_Information supplied_:
......

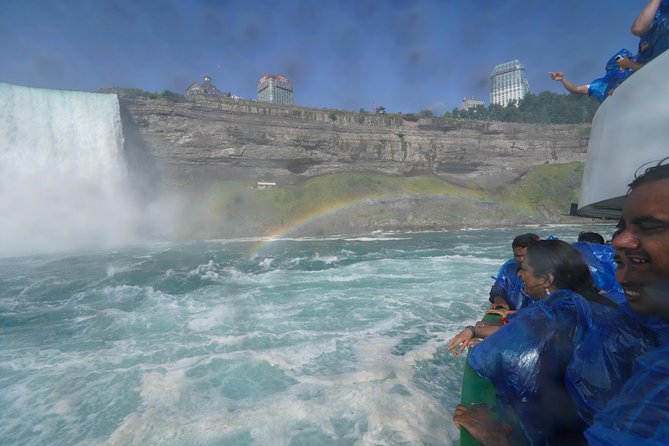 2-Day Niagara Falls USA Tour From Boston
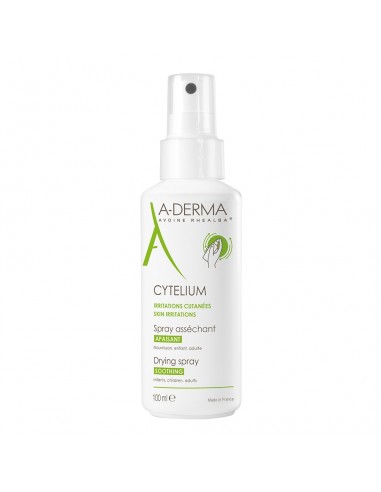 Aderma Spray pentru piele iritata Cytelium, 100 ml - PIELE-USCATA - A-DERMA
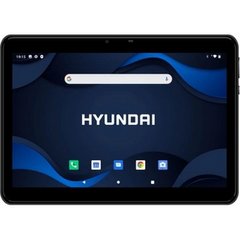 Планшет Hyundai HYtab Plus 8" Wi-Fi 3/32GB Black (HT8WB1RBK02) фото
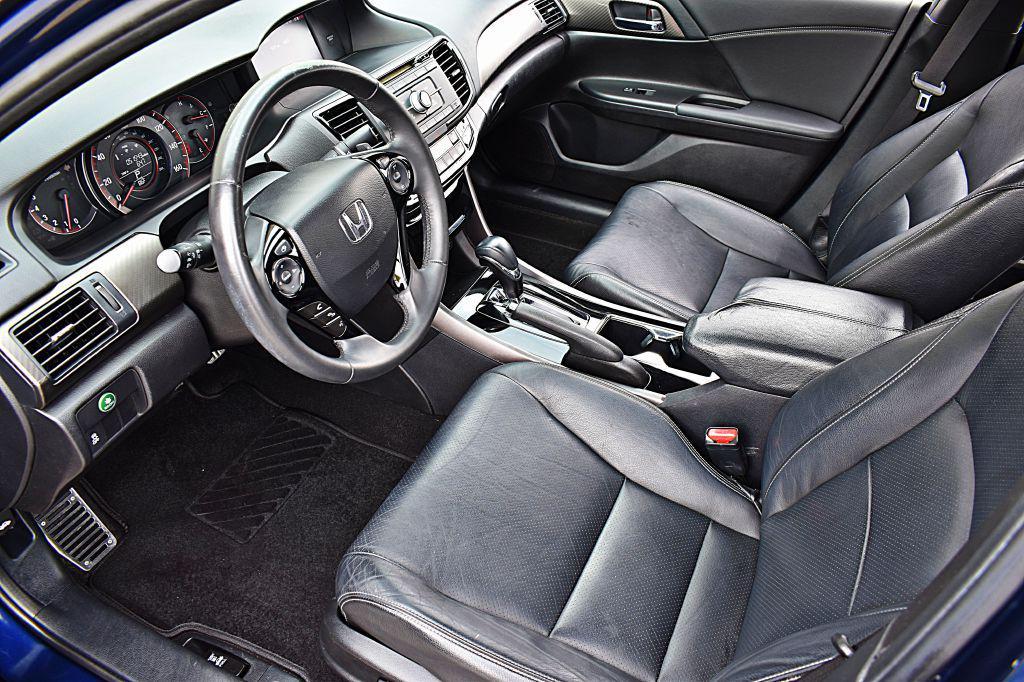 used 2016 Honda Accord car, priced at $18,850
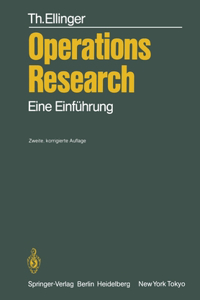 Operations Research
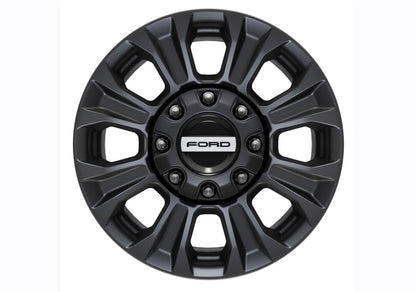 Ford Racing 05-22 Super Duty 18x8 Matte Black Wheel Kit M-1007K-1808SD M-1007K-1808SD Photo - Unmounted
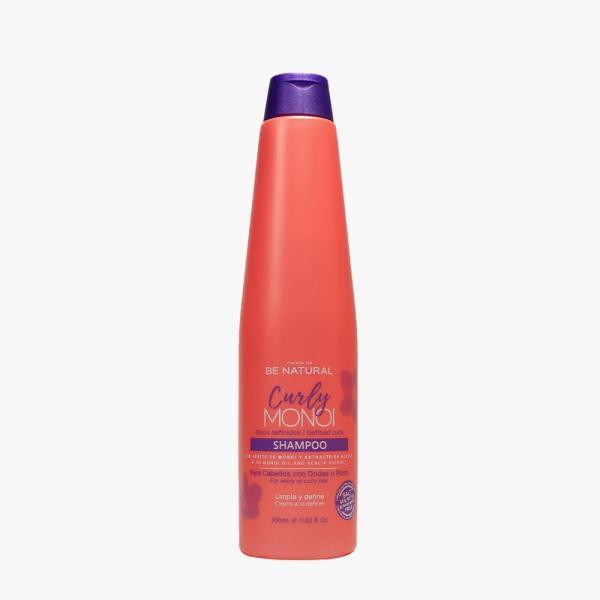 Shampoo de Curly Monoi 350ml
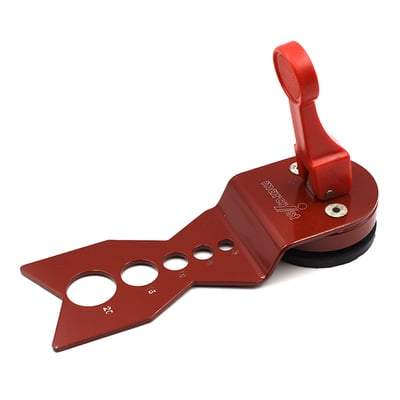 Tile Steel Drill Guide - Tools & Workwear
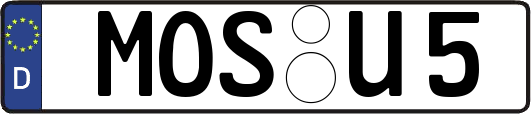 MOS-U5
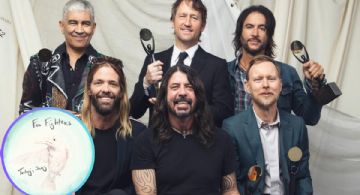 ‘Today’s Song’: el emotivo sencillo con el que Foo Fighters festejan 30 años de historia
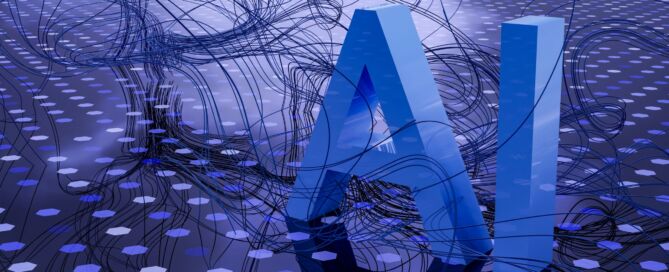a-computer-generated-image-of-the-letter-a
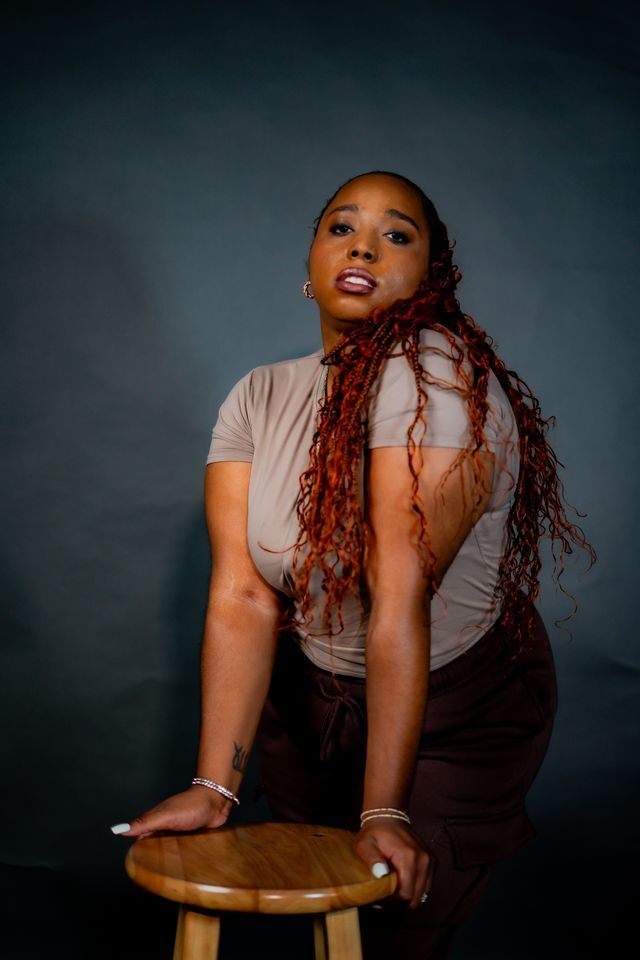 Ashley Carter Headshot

......

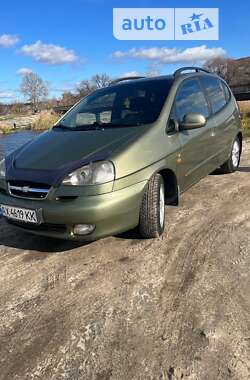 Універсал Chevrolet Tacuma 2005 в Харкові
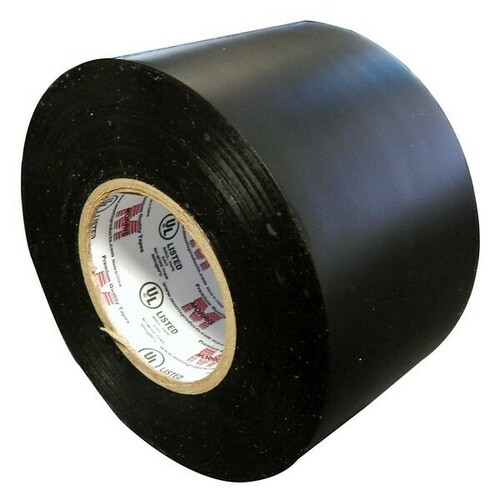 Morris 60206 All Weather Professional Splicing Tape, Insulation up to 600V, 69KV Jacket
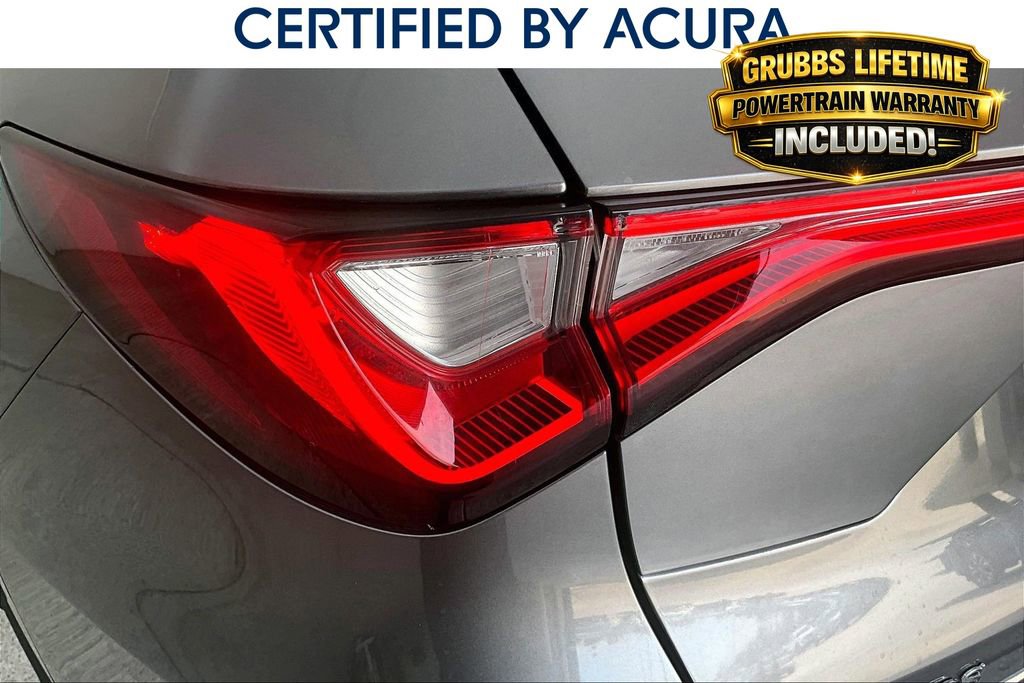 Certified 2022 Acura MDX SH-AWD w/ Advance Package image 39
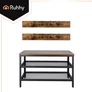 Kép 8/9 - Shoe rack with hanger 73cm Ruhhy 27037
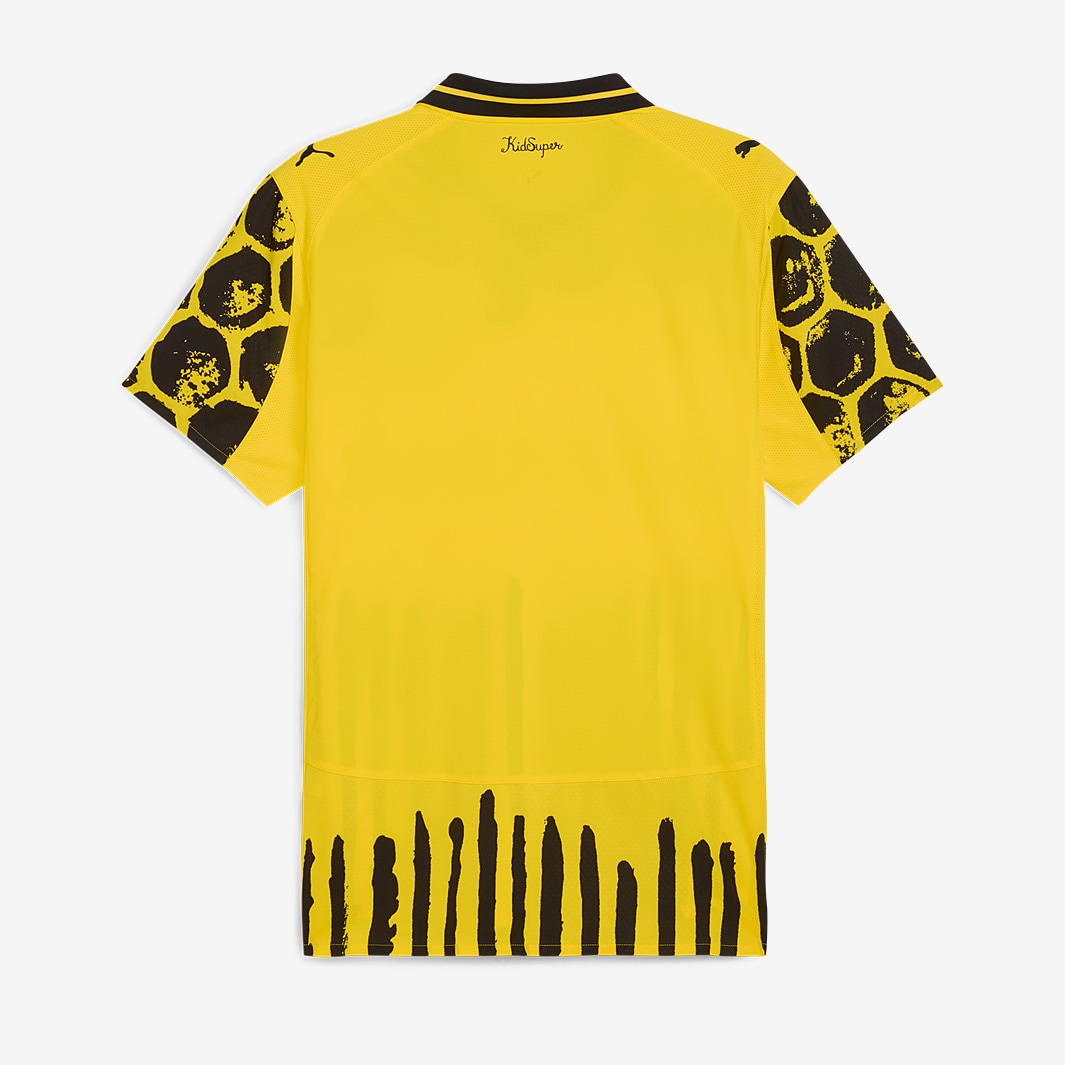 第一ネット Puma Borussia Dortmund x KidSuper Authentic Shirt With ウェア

......

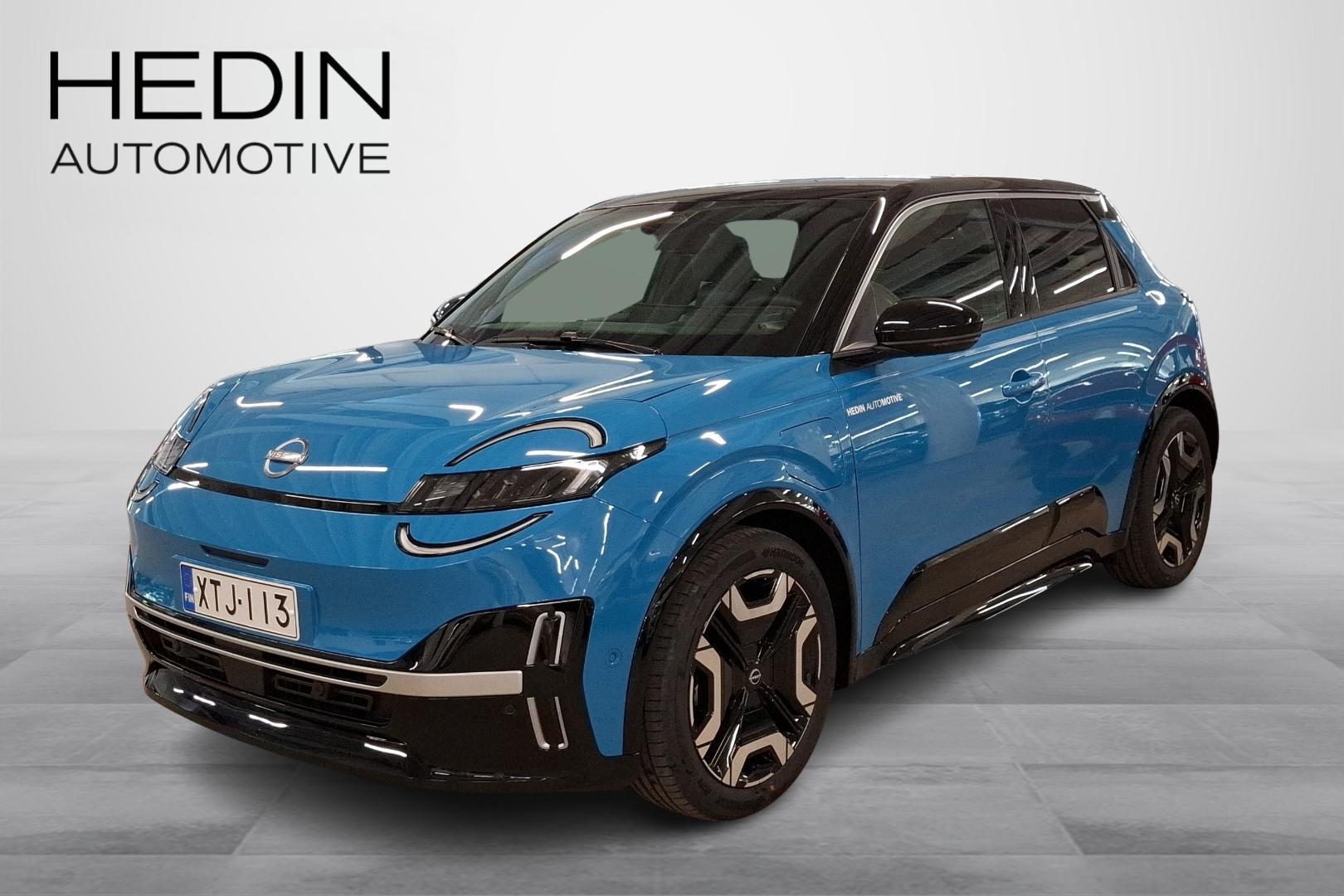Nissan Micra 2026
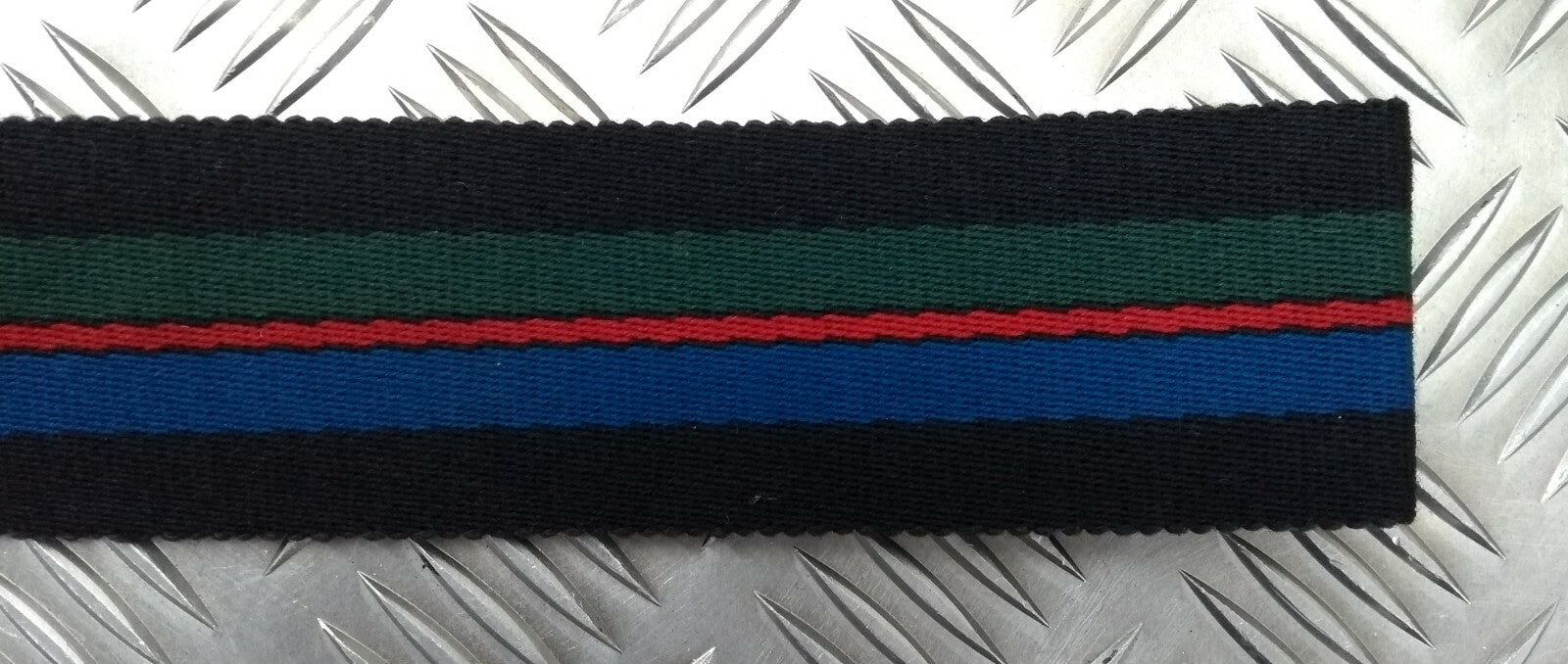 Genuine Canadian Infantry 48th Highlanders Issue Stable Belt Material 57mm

......

_What you are asked to do_: After locating "Nissan Micra 2026" and "Genuine Canadian Infantry" in the records above, return exactly the line holding each one and every line between them; leave out the pictures.

_The answer_:
Nissan Micra 2026
 Genuine Canadian Infantry 48th Highlanders Issue Stable Belt Material 57mm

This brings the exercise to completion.